▶ _ASSIGNED TASK_
From the data below, return only the lines from the one with "کابل سه سر فست شارژ 5 آمپر هیسکا LX33" through the one with "Shop 0 Nordic", exact and inclusive, with pictures left out.

▶ _EXTRACTED MATERIAL_
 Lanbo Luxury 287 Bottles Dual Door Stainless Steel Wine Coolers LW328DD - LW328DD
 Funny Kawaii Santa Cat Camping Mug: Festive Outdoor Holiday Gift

...

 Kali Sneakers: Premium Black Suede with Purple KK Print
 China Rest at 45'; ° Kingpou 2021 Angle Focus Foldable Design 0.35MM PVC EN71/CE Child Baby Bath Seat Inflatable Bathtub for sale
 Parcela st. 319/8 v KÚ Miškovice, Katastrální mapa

...

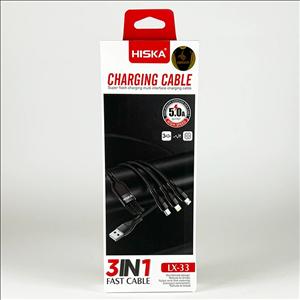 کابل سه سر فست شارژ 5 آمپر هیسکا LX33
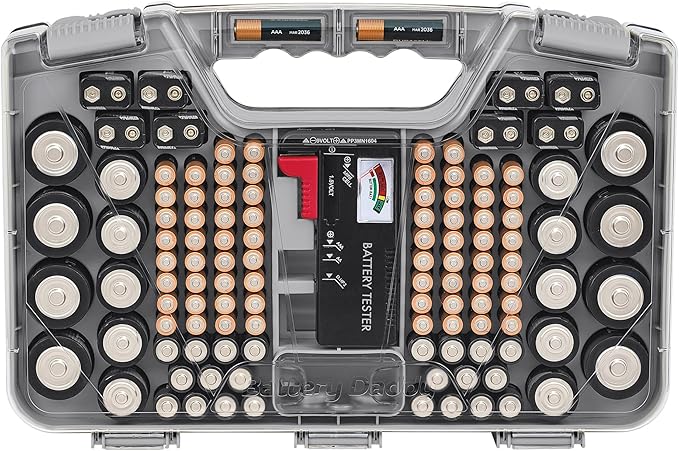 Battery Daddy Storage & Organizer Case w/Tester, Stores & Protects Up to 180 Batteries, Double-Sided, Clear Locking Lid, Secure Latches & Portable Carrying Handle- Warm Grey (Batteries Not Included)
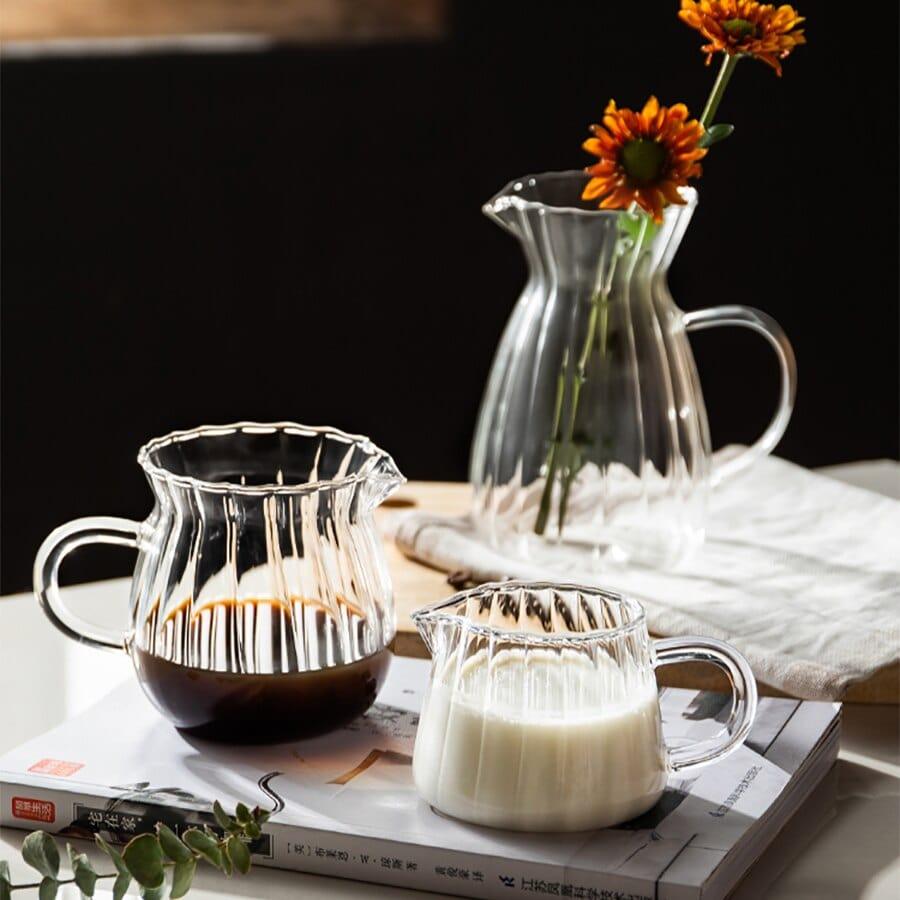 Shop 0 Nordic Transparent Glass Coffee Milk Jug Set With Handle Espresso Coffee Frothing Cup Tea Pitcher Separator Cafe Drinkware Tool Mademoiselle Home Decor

▶ _RESULT OF THE EXERCISE_
 کابل سه سر فست شارژ 5 آمپر هیسکا LX33
 Battery Daddy Storage & Organizer Case w/Tester, Stores & Protects Up to 180 Batteries, Double-Sided, Clear Locking Lid, Secure Latches & Portable Carrying Handle- Warm Grey (Batteries Not Included)
 Shop 0 Nordic Transparent Glass Coffee Milk Jug Set With Handle Espresso Coffee Frothing Cup Tea Pitcher Separator Cafe Drinkware Tool Mademoiselle Home Decor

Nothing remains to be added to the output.